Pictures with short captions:

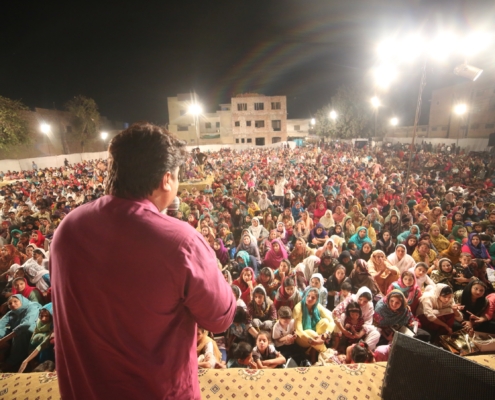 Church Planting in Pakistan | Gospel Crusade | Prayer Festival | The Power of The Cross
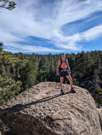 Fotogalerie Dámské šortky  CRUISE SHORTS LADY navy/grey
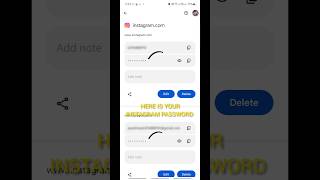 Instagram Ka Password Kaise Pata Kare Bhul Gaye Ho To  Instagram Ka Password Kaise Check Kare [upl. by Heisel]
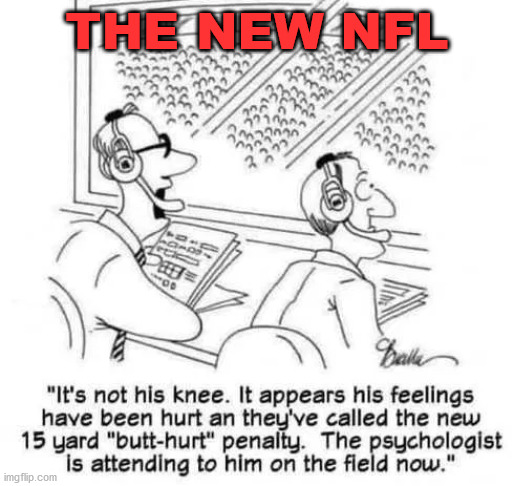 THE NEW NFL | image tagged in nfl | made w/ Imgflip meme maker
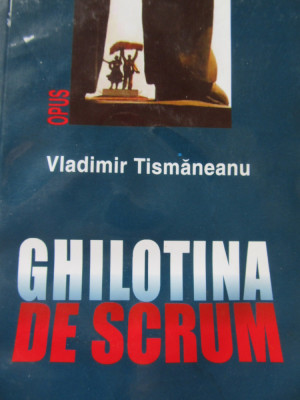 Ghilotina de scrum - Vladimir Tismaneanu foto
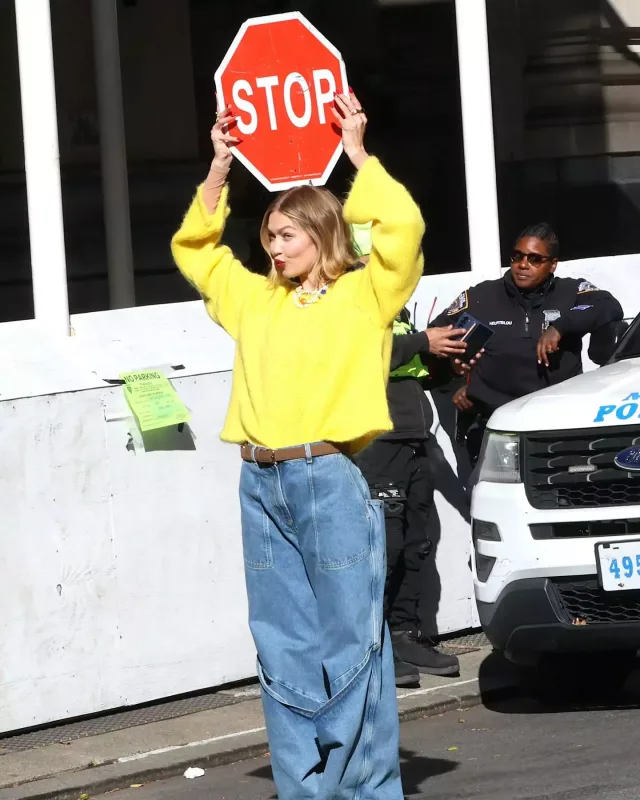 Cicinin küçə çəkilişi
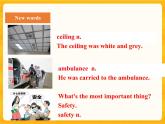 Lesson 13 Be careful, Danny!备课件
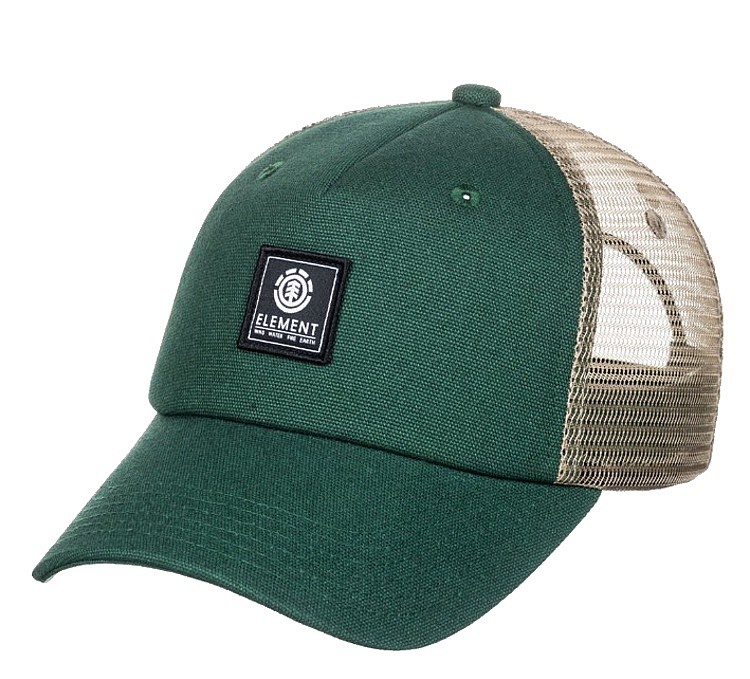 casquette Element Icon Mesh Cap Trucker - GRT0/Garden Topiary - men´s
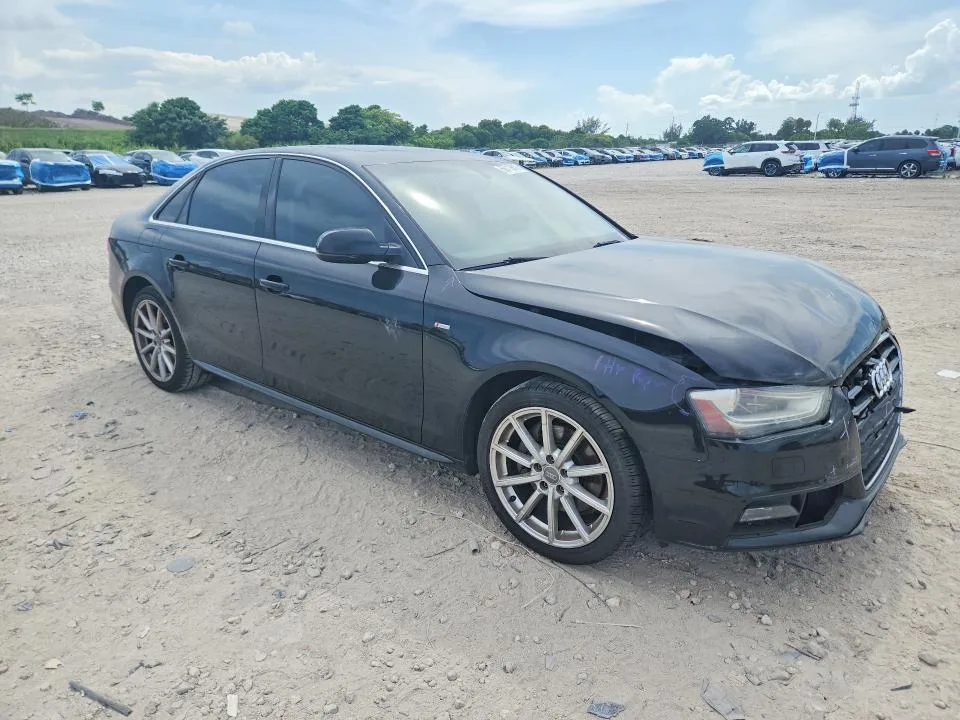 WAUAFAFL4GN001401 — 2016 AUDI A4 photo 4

* _ABOUT THIS TASK_: Which lines run from the one holding "Fotogalerie Dámské šortky" through the end of the records? Reproduce them word for word, both ends included, with no pictures.

* _RESPONSE TO THE EXERCISE_:
 Fotogalerie Dámské šortky  CRUISE SHORTS LADY navy/grey
 Instagram Ka Password Kaise Pata Kare Bhul Gaye Ho To  Instagram Ka Password Kaise Check Kare [upl. by Heisel]
 THE NEW NFL | image tagged in nfl | made w/ Imgflip meme maker
 Ghilotina de scrum - Vladimir Tismaneanu foto
 Cicinin küçə çəkilişi
 Lesson 13 Be careful, Danny!备课件
 casquette Element Icon Mesh Cap Trucker - GRT0/Garden Topiary - men´s
 WAUAFAFL4GN001401 — 2016 AUDI A4 photo 4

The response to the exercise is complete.